> [The task]: Please repeat each line from the one holding "Мягкая скамейка из" through the final line of the data, exactly as it stands, with no pictures.
======== Data in this exercise
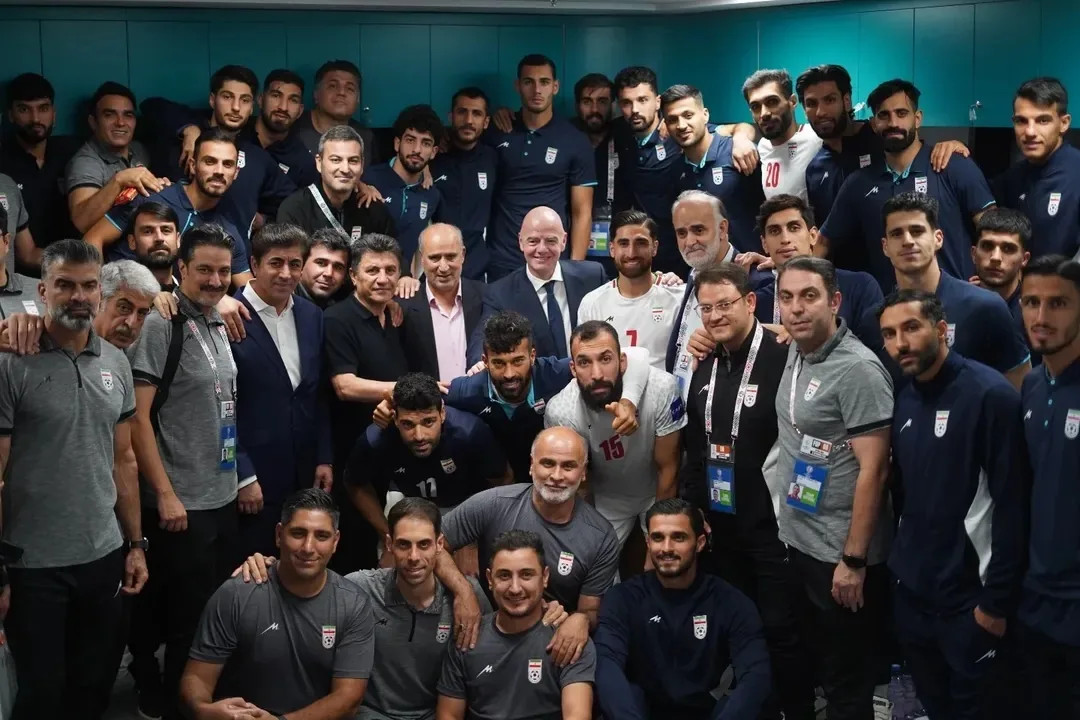 Resmi, Iran Umumkan Tidak Akan Tampil di Piala Dunia 2026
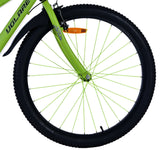 Volare rocky kinderfiets - 26 inch – groen – 7 versnellingen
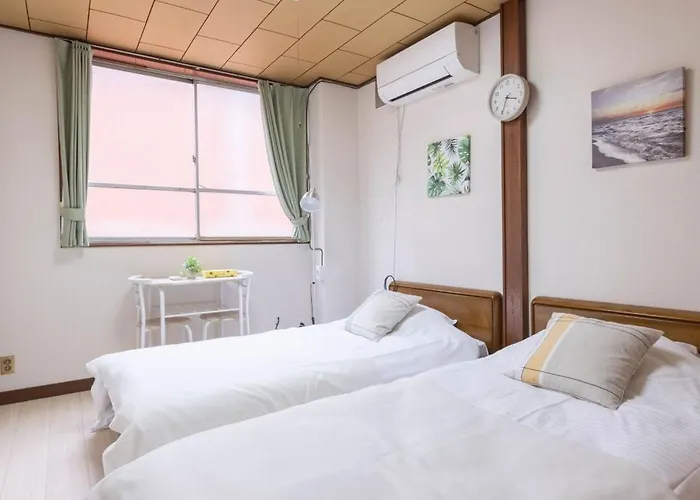 Higashi Komagata Building 2F3F Hk23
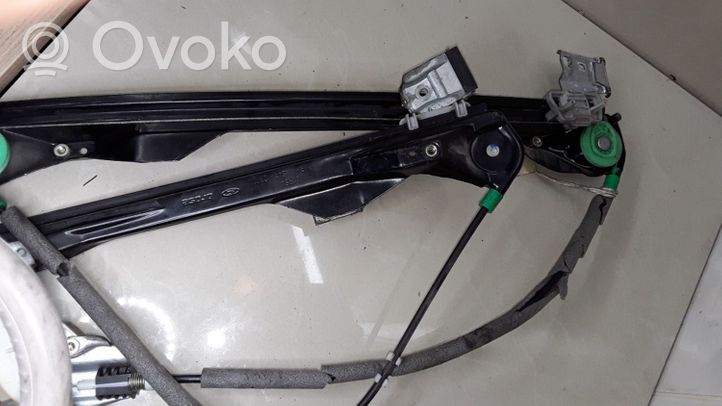 Ford Focus Priekšpusē elektriskā loga pacelšanas mehānisma komplekts XS4123200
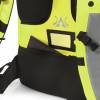 Backpack HI-VIS 32-38 litre, Yellow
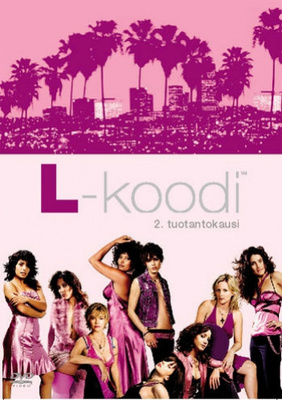 L-Koodi - Kausi 2 (DVD)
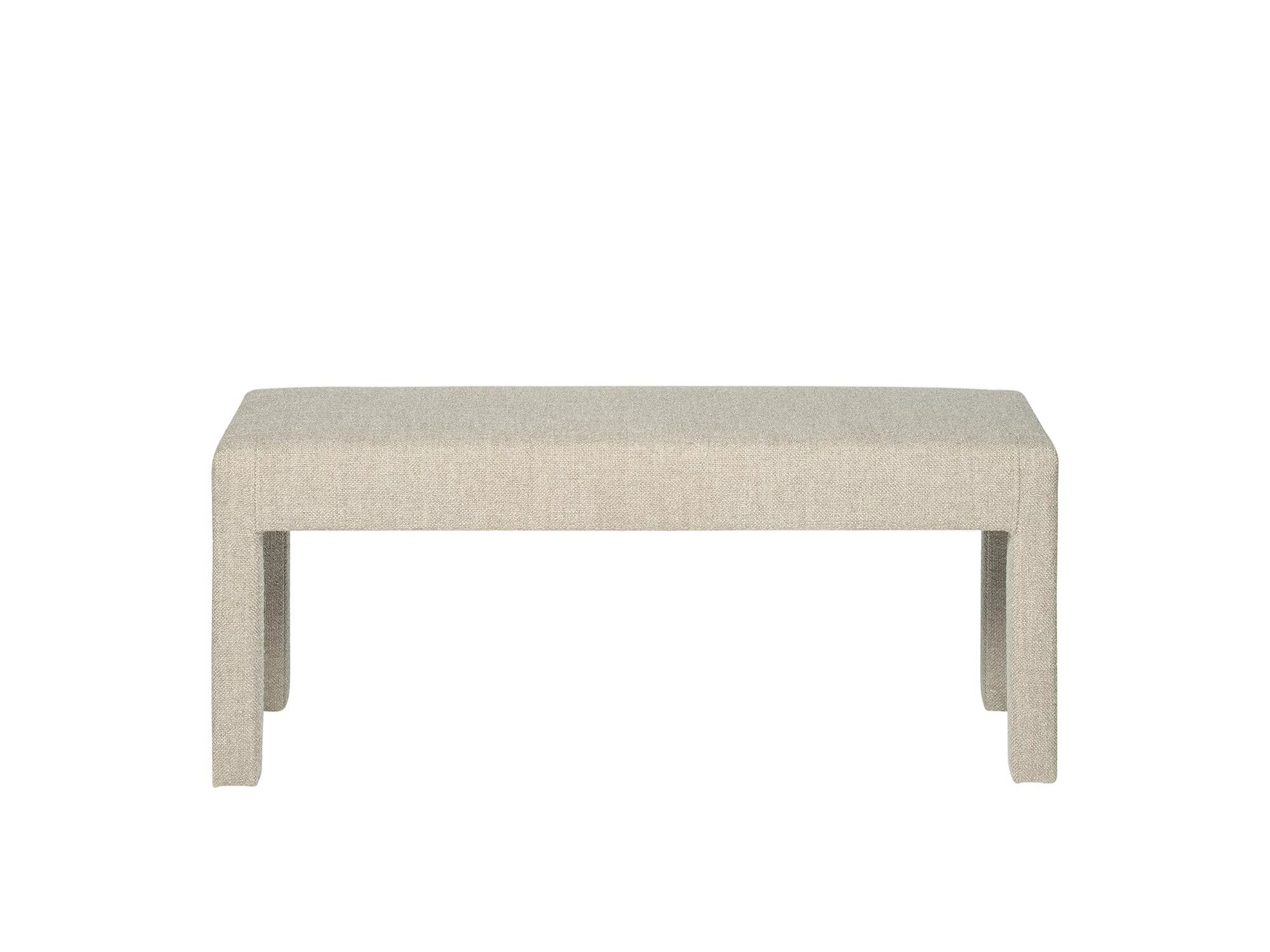 Мягкая скамейка из ткани blomus Sitta ARCH-00014710 - Вид №1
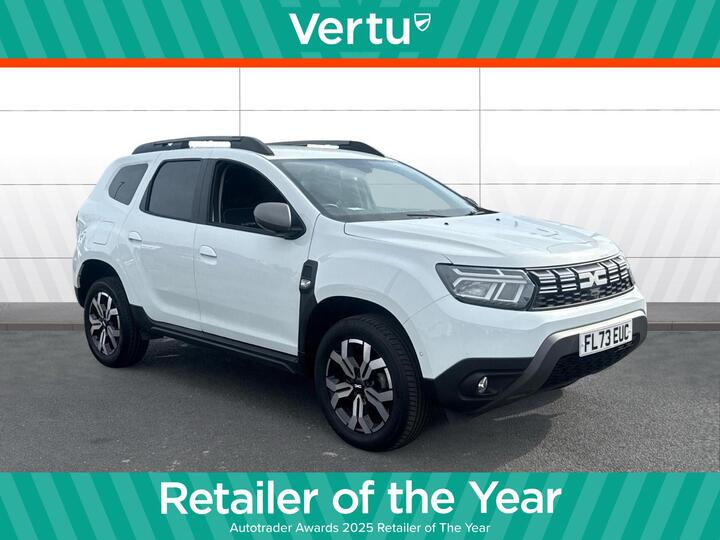 Dacia Duster 1.3 TCe Journey EDC Euro 6 (s/s) 5dr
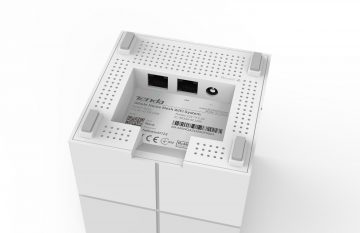 TENDA MESH NOVA MW6 MĀJAS WI-FI SISTĒMA 3 pac TENDA MESH NOVA MW6 MĀJAS WI-FI SISTĒMA 3 pac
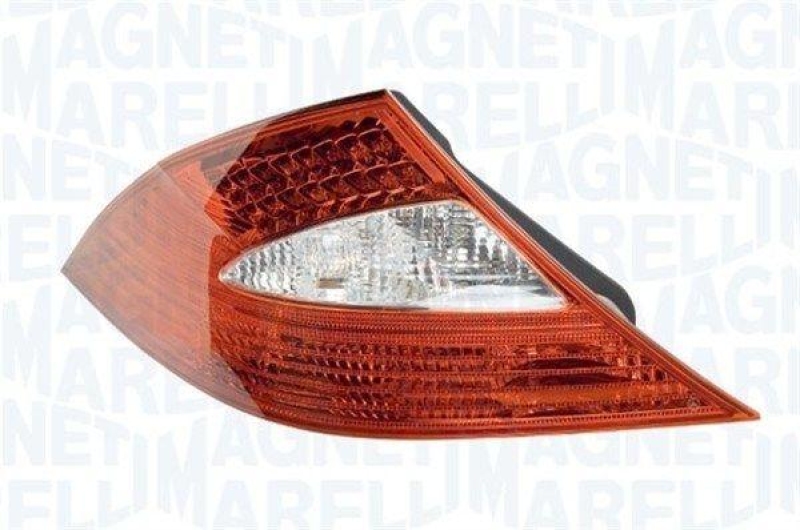 MAGNETI MARELLI Combination Rear Light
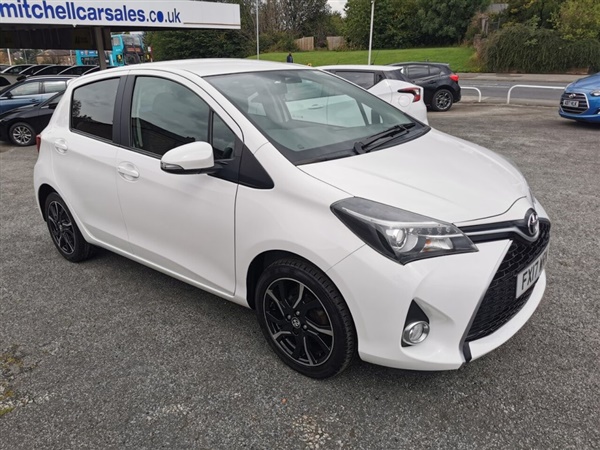 Large image for the Used Toyota YARIS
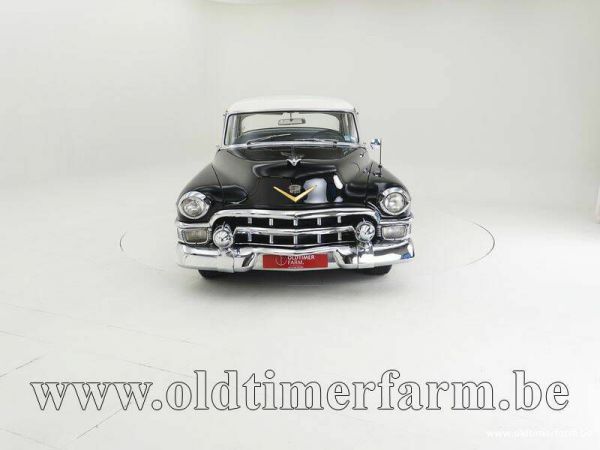 Cadillac 60 Special Fleetwood 1953 38150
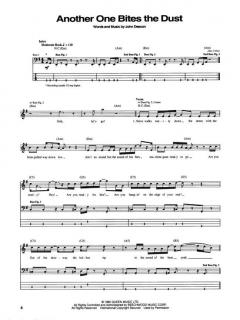 Rock Bass Bible 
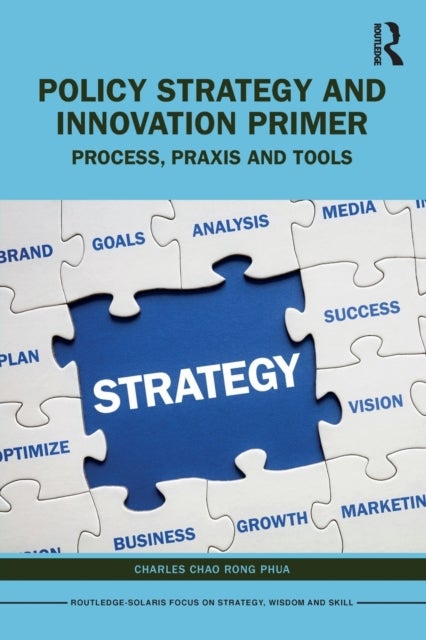 Policy Strategy and Innovation Primer - Process, Praxis and Tools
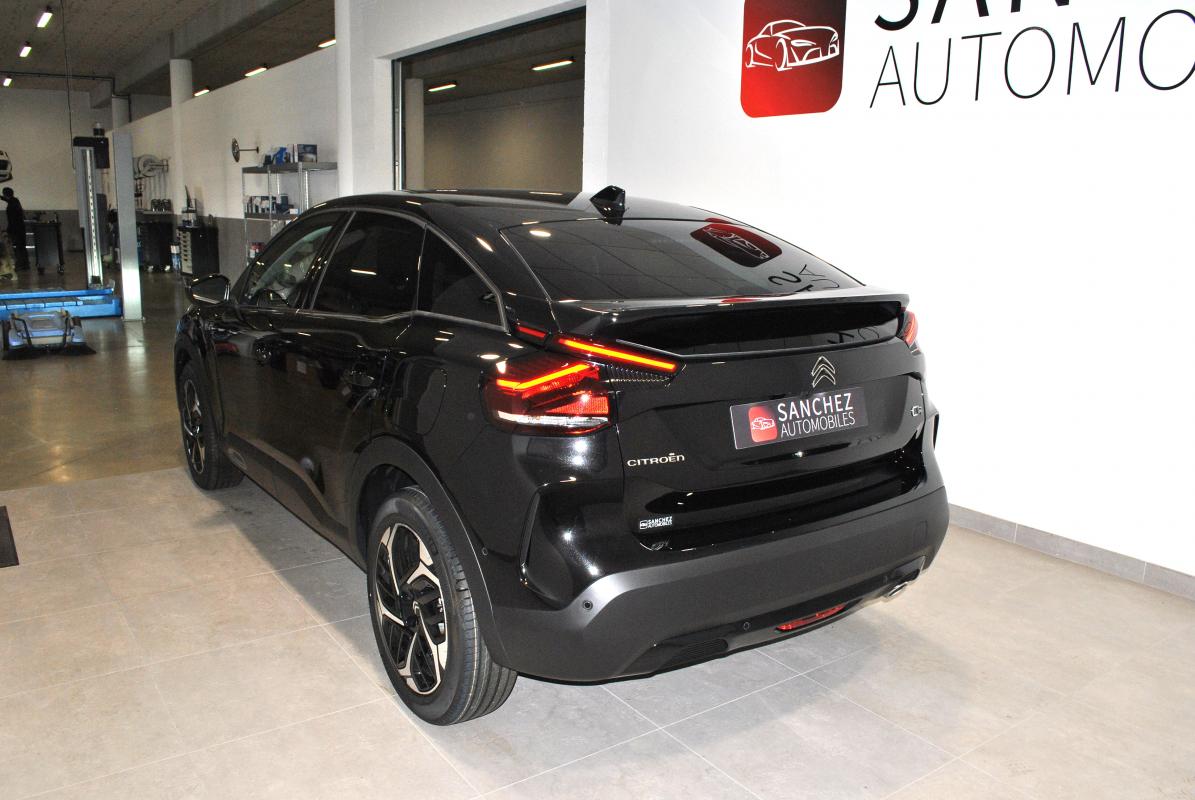 Citroën C4 - III 1.5 BLUEHDI 130 EAT8 MAX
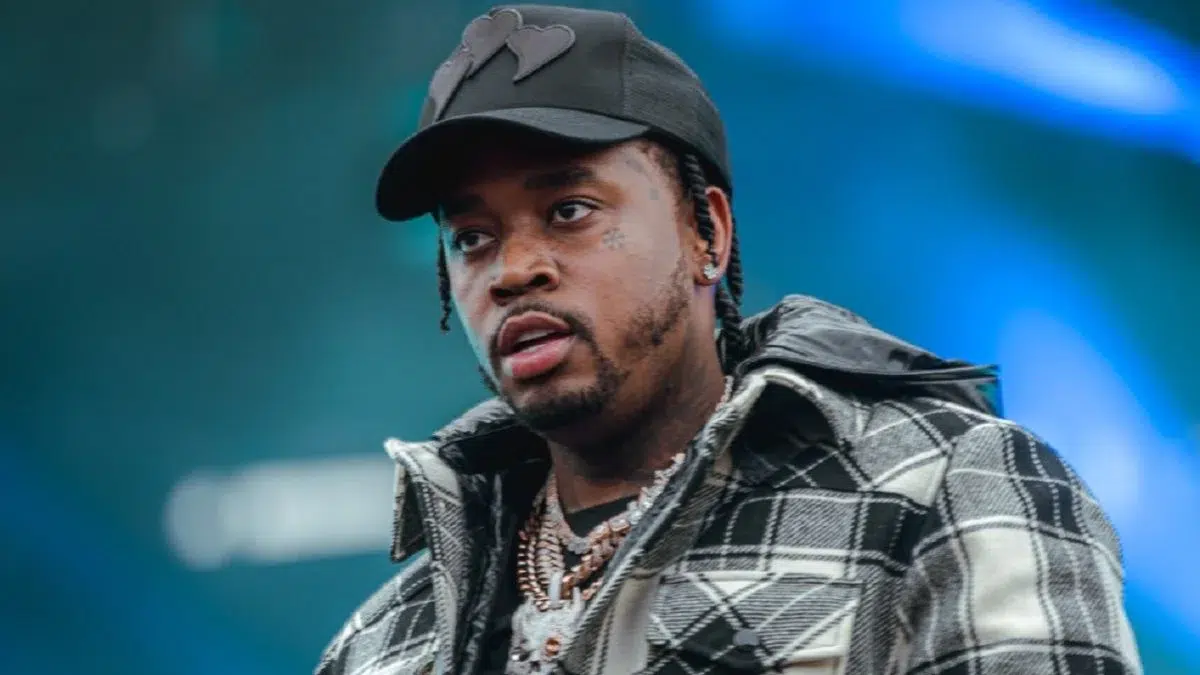 Fivio Foreign’s Misses Rolling Loud Due to Health Issues Fivio Foreign Health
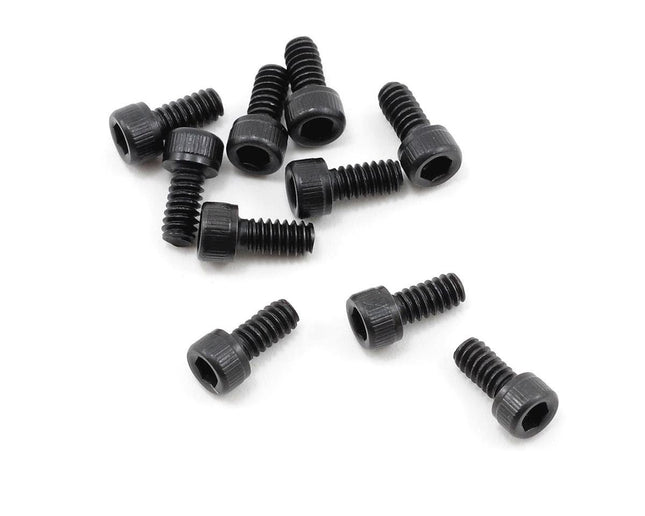 PTK-H-6200, ProTek RC 4-40 x 1/4" "High Strength" Socket Head Screws (10)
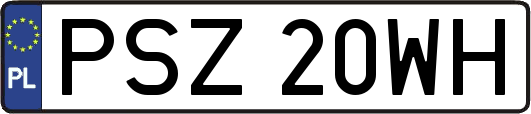 PSZ20WH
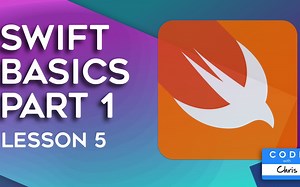 Swift教程基础（2020）-第5课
================
> [Expected answer]:
 Мягкая скамейка из ткани blomus Sitta ARCH-00014710 - Вид №1
 Dacia Duster 1.3 TCe Journey EDC Euro 6 (s/s) 5dr
 TENDA MESH NOVA MW6 MĀJAS WI-FI SISTĒMA 3 pac TENDA MESH NOVA MW6 MĀJAS WI-FI SISTĒMA 3 pac
 MAGNETI MARELLI Combination Rear Light
 Large image for the Used Toyota YARIS
 Cadillac 60 Special Fleetwood 1953 38150
 Rock Bass Bible 
 Policy Strategy and Innovation Primer - Process, Praxis and Tools
 Citroën C4 - III 1.5 BLUEHDI 130 EAT8 MAX
 Fivio Foreign’s Misses Rolling Loud Due to Health Issues Fivio Foreign Health
 PTK-H-6200, ProTek RC 4-40 x 1/4" "High Strength" Socket Head Screws (10)
 PSZ20WH
 Swift教程基础（2020）-第5课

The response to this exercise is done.